Procedono le attività di cooperazione con i grandi protagonisti dell’industria turistica. Fra i big player una digital campaign ad ampio respiro a supporto del Network Gattinoni e del Gruppo Quality Group. Alla campagna si affiancano webinar, newsletter, visibilità su social e radio oltre, naturalmente, alla presenza video all’interno delle agenzie di viaggio. In essere, l’Ufficio del Turismo del Sultanato, anche numerosi accordi di co-marketing con operatori generalisti come Volonline, specialisti della destinazione, e in tour natura e cultura quali Originaltour, Il Viaggio, Shiruq, Alidays. E ancora, momenti di training per la forza vendita, webinar, eventi B2B2C in diverse città, newsletter, campagne sui social in collaborazione con Welcome Travel, Cartorange, Earth, Idee per viaggiare. Sul fronte della formazione, ai blocchi di partenza il progetto di training online Block notes con il magazine L’Agenzia di Viaggi.

Novità a destinazione

363 i nuovi progetti turistici integrati in Oman per i prossimi anni; oltre 24 progetti di sviluppo del turismo interno e 28 progetti legati ai monumenti storici: questi i numeri del Ministero del Turismo e dei Beni culturali che ha presentato qualche giorno fa a Muscat – con vari segmenti di investitori nei settori pubblico e privato, per il periodo che va fino al 2025, con un valore confermato di 2,290 miliardi di Ryal omaniti.

Nel periodo dal 2021 al 2022 sono state sviluppate 124 strutture alberghiere in Oman, con un valore di investimento totale di 139 milioni di RO, inclusi 4 progetti alberghieri: Avani a Seeb, Dusit D2 Hotel a Jabal Al Akhdar, Intercity Hotel Muscat e Jumeirah Muscat Bay nel Governatorato di Muscat.

Sono inoltre in via di sviluppo 127 nuovi progetti di stabilimenti alberghieri con un valore di investimento totale di 340 milioni di RO, inclusi 14 progetti alberghieri (con un investimento superiore a 5 milioni di RO per progetto) con rating da 3 a 5 stelle e appartamenti di hotel, con un valore totale dell’investimento di RO 238 milioni. Ulteriori 113 strutture alberghiere (con un investimento inferiore a 5 milioni di RO per struttura) sono in corso di realizzazione, di cui 15 su terreni demaniali e 98 su terreni privati. Le strutture alberghiere previste spaziano da hotel di diverse categorie, campi di lusso, resort, green lodge e appartamenti.
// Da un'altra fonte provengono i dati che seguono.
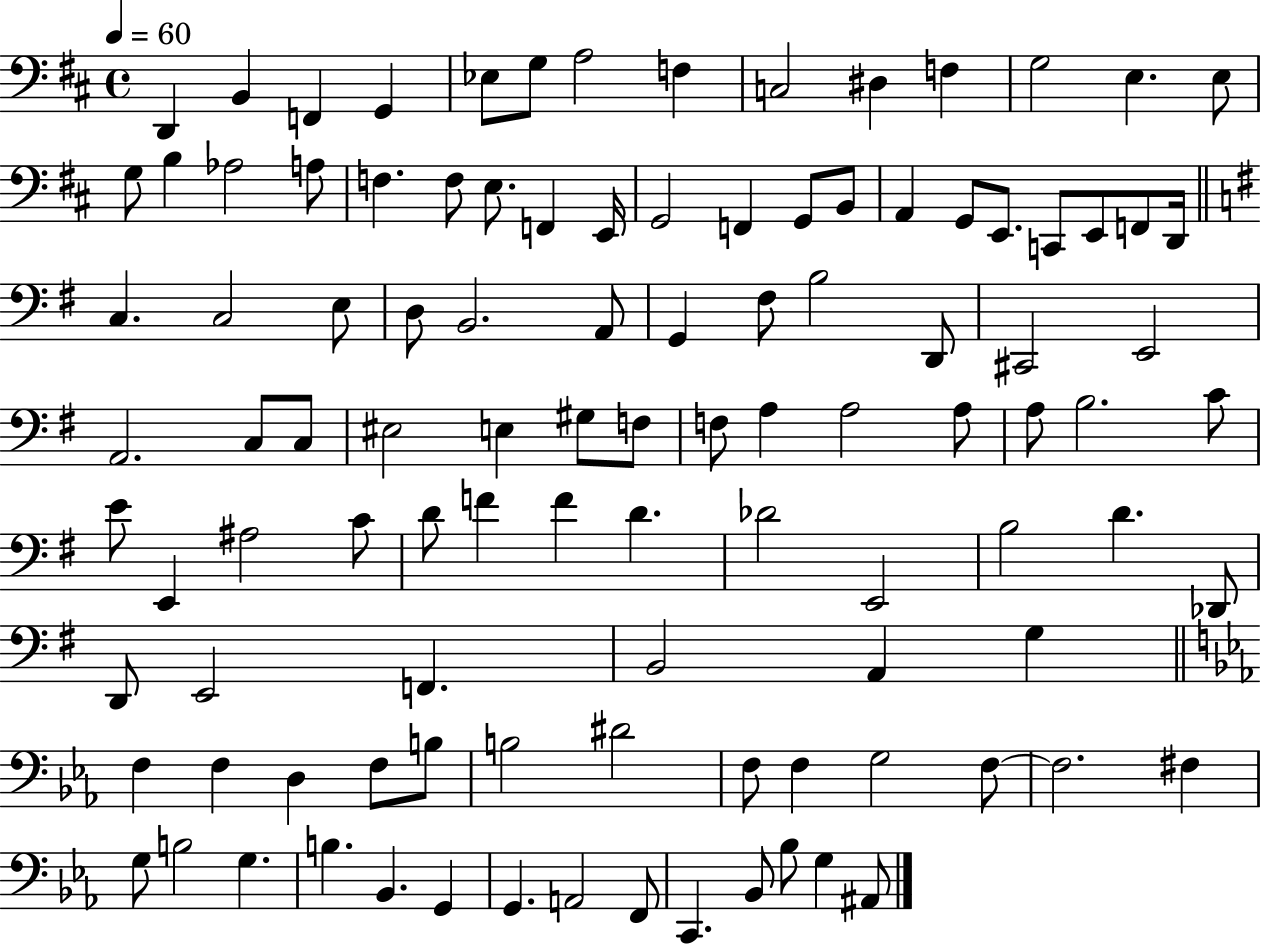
{
  \clef bass
  \time 4/4
  \defaultTimeSignature
  \key d \major
  \tempo 4 = 60
  d,4 b,4 f,4 g,4 | ees8 g8 a2 f4 | c2 dis4 f4 | g2 e4. e8 | \break g8 b4 aes2 a8 | f4. f8 e8. f,4 e,16 | g,2 f,4 g,8 b,8 | a,4 g,8 e,8. c,8 e,8 f,8 d,16 | \break \bar "||" \break \key e \minor c4. c2 e8 | d8 b,2. a,8 | g,4 fis8 b2 d,8 | cis,2 e,2 | \break a,2. c8 c8 | eis2 e4 gis8 f8 | f8 a4 a2 a8 | a8 b2. c'8 | \break e'8 e,4 ais2 c'8 | d'8 f'4 f'4 d'4. | des'2 e,2 | b2 d'4. des,8 | \break d,8 e,2 f,4. | b,2 a,4 g4 | \bar "||" \break \key c \minor f4 f4 d4 f8 b8 | b2 dis'2 | f8 f4 g2 f8~~ | f2. fis4 | \break g8 b2 g4. | b4. bes,4. g,4 | g,4. a,2 f,8 | c,4. bes,8 bes8 g4 ais,8 | \break \bar "|."
}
Il Ministero per i Beni Culturali e del Turismo ha aggiunto anche che sono in corso i lavori su 14 progetti per lo sviluppo del patrimonio culturale, con un investimento di 13,8 milioni di RO. Sono 8 i progetti per migliorare musei, mentre 6 per allestire nuove sale espositive museali in castelli e fortezze. Infine, sono inoltre in corso migliorie a 34 monumenti storici, con un investimento di 1,884 milioni di RO, tra cui forti, torri, mura, vicoli e altri monumenti nei vari governatorati, che favoriranno future opportunità per piccole e medie imprese.